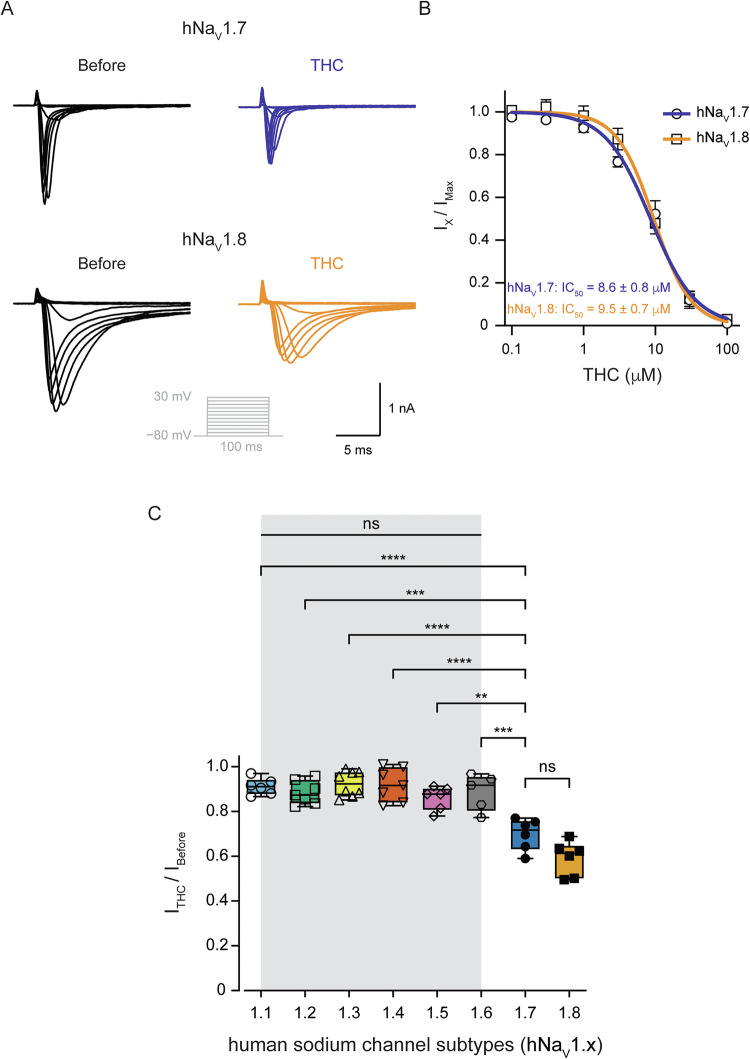 THC selectively inhibits the nociceptive hNaV1.8 and hNaV1.7 channels.A Representative whole-cell voltage-clamp recording from hNaV1.7 expressed in HEK293T cells (upper) and hNaV1.8 expressed in ND7/23 cells (lower) before (left) and after exposure to THC (10 µM; right). Currents were elicited by depolarizing steps from a holding potential of −80 mV to 30 mV in 10 mV increments (inset). B Concentration-response relationship for inhibition of hNaV1.7 (circles) and hNaV1.8 (squares) channels by THC. Each dot represents the mean and SEM of at least n = 6 cells. IC50 were determined by fitting Hill’s function to the data (shown as blue and orange curves for hNaV1.7 and hNaV1.8, respectively). C Box plots and individual values summarizing the inhibitory effect of 10 μM THC on the peak current of hNaV channels. The current values are normalized to the value before the application of THC. Note that THC does not affect non-nociceptive specific sodium channel isoforms. One-way ANOVA, followed by Bonferroni’s post hoc test when ns not significant; **, p ≤ 0.01; ***, p ≤ 0.001; ****, p ≤ 0.0001.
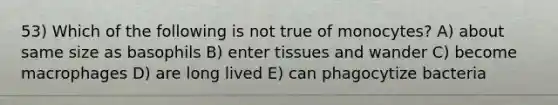 53) Which of the following is not true of monocytes? A) about same size as basophils B) enter tissues and wander C) become macrophages D) are long lived E) can phagocytize bacteria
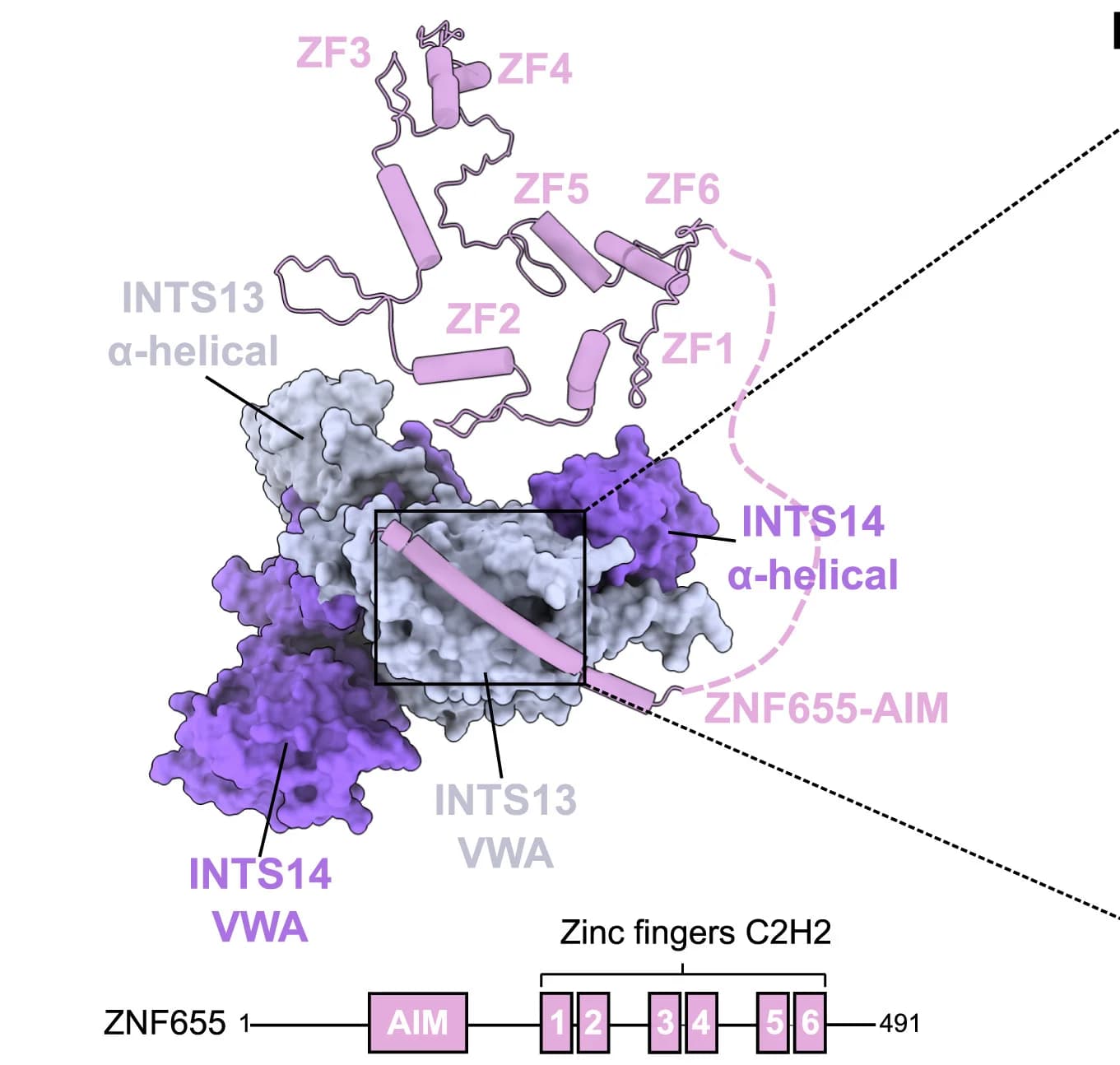 Open access visualization of Protein Structure, Illustration, Structural Model, ZNF655, INTS13/14
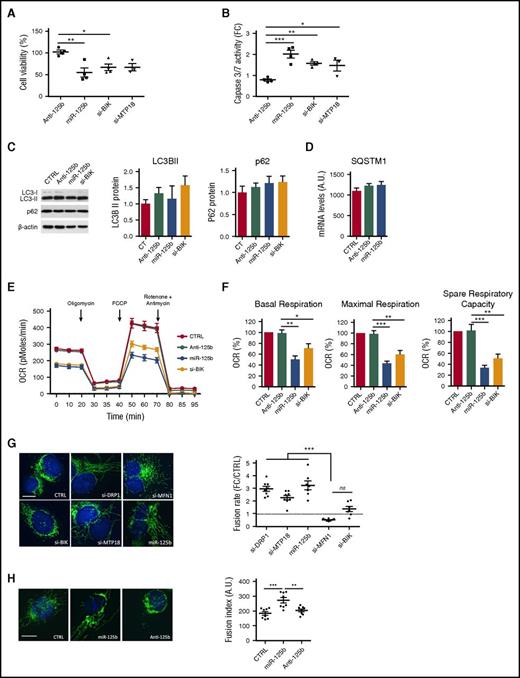 Figure 2. miR-125b modulates mitochondrial metabolism and dynamics through BIK and MTP18 silencing, respectively. THP-1 cells were transfected with si-DRP1, si-MPT18, si-MFN1, si-BIK, control miRNA (CTRL), miR-125b mimics (miR-125b), or miR-125b antagomir (Anti-125b) and analyzed 48 hours later. (A-B) Cell apoptosis was assessed by measuring cell viability and caspase 3/7 activity. The data are presented as percentage (A) or a fold change (FC) (B) of the cell transfected with control miRNA. Data represent mean ± SD of 4 independent experiments. (C-D) Autophagy was monitored using LC3/p62 immunoblotting to track the conversion of LC3-I into LC3-II and the expression of p62 for autophagic activity. Representative western blot of LC3-I/LC3-II, p62, and β-actin is shown (left), and quantitative analysis of LC3-II and p62 are plotted as mean ± SD of 3 exposures of 2 independent experiments (center and right) (C). Quantification of SQSTM1 mRNA (D) was performed using quantitative reverse transcription polymerase chain reaction. Data represent 2 technical independent experiments. (E) The OCR was measured in real time under basal conditions: oligomycin, ATP-synthetase-inhibited rate; FCCP, uncoupled rate; and rotenone + antimycin A, inhibited rate. The OCR was normalized by number of cells in each condition (n = 6 per group). (F) Representative graphs of quantification of various parameters of mitochondrial respiratory profiles, presented as mean ± SD of 4 independent experiments. (G-H) Monitoring of mitochondrial fusion and fission in cells stained with anti-TOM20 antibodies (n = 8). Representative images of mitochondria stained with TOM20 (left; bars represent 10 μm) and quantification of fluorescence using Cellomics ArrayScan VTi platform (right; n = 20 per experimental replicate) are shown. Results are expressed as mean ± SD. *P < .05; **P < .01; ***P < .001.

> _What is being asked_: Of the lines above, quote exactly those from the one with "53) Which of" through the one with "Open access visualization", ends included; pictures stay out.

> _Answer box_:
 53) Which of the following is not true of monocytes? A) about same size as basophils B) enter tissues and wander C) become macrophages D) are long lived E) can phagocytize bacteria
 Open access visualization of Protein Structure, Illustration, Structural Model, ZNF655, INTS13/14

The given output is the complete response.